In her prime, Conway said she would do about 70 miles a week, 90 percent of which was race walking. To fill her three hours a day of training, she incorporated cross training including swimming, biking and weight training in addition to race walking. 

Conway said that during her training, she would come out to Big Sky to train at altitude and to ski as part of her cross-training regimen. Recently, the Conways finished designing and building a property in Big Sky dubbed Alpine Peak featuring state-of-the-art training facilities which include a basketball court, pool and gym. 

On June 26, 2021, Conway went to Eugene, Oregon, to compete in the 20k race walk Olympic Trials, the farthest she had advanced on her road to the games. Fifteen women competed at the event and only one went on to the games currently taking place in Tokyo. 

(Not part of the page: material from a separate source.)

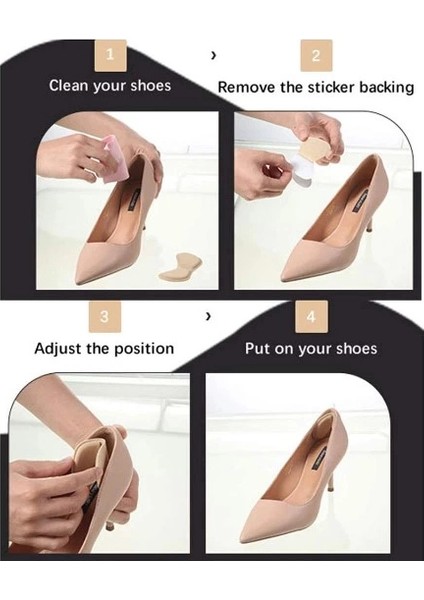 Bfs 5 mm Ayakkabı Topuk Vurma Önleyici ve Daraltma Padi 2li fiyatları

Conway’s family traveled out to Eugene, Oregon with her to cheer her on during the Olympic Race Walk Trials. PHOTO COURTESY OF CHELSEA CONWAY

Conway said the event was high energy, calling it “the most exciting event I’ve ever been to.” Though exciting, it wasn’t without its challenges. “With the lack of events in the last year, it was really tough to get out and race and do events,” Conway said.

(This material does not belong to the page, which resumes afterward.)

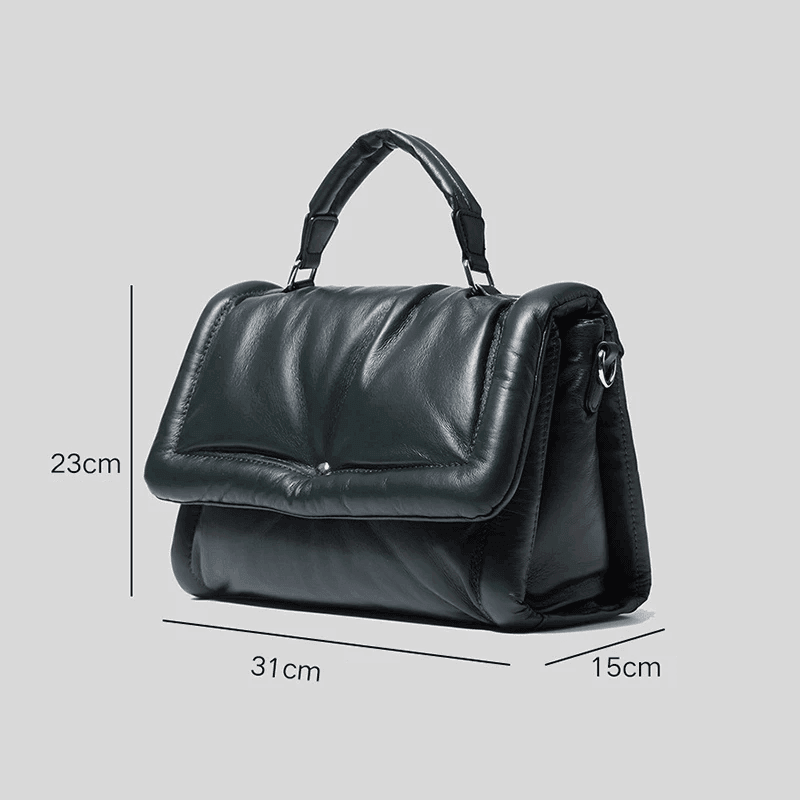 תיק איטלקי ממילאנו בסיגנון וינטאג'י טרנדי להופעה נשית מדייקת ומתוחכמת - לה איסלה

The 20k race took place in difficult conditions. Conway said it was extremely hot with temperatures reaching up to 115 degrees, causing start times to be moved up two hours earlier to cooler parts of the morning. 

Conway said she spent a lot of time and effort trying to keep herself hydrated and cool in anticipation of the challenging conditions she faced for the race. There were hydration stations throughout the route with electrolyte drinks and gels to help the athletes stay fueled and avoid dehydration and muscle cramps. 

At the end of the race, Conway ended up placing 10th out of 15 women competing for the single female race walking spot in the 2021 summer games. 

With one Olympic Trial now under her belt but no spot on the team, Conway has to decide if she will stick to her rigorous training regimen for another three years and take another shot at the Olympics or if she will turn her efforts to other tasks like triathlons.

Conway currently serves as the CEO and owner of the family business, a position that requires a lot of her time and leaves less flexibility for her to travel to races and keep up her training regimen. 

“I’m going to make up my mind in the next year or so if I want to keep going or if I want to pull back and go more to triathlons and have fun with my athletic pursuits,” she said.